Dans ma tête et dans mon corps, l’arrivée d’Emio Greco et Pieter C. Scholten a été un bouleversement positif accompagné d’une nouvelle méthode de travail. On répète près de 30 heures hebdomadaires, tant le mouvement recherché nécessite une ouverture du corps et de l’esprit. Emio et Pieter ont chamboulé tous les canons que j’avais appris auparavant ; ça a été une réelle remise en question qui s’est révélée salvatrice.

Je conçois la notion de « corps en révolte » proposée par Emio et Pieter comme une évolution perpétuelle, qui refuse obstinément de se figer dans le temps.

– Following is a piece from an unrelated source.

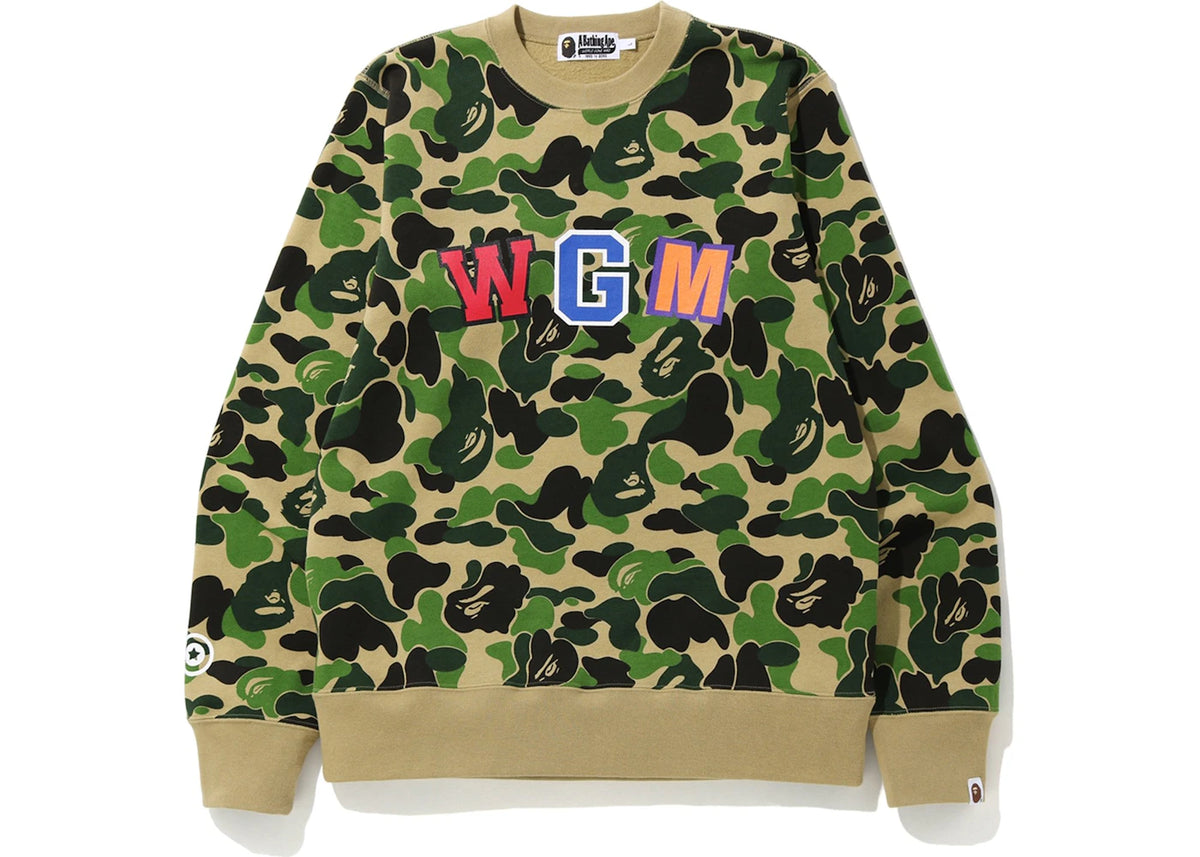 BAPE ABC Shark Crewneck Green - vue secondaire A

Cette idée me plaît et je me sens concerné même si de nos jours c’est devenu rare de se révolter.  Quand j’ai dansé Extremalism pour la première fois, je n’étais pas certain de tenir les 20 premières minutes de la pièce. J’ai vécu une expérience intense. Je ne me suis jamais senti autant danseur qu’aujourd’hui, car mon corps tout entier est engagé.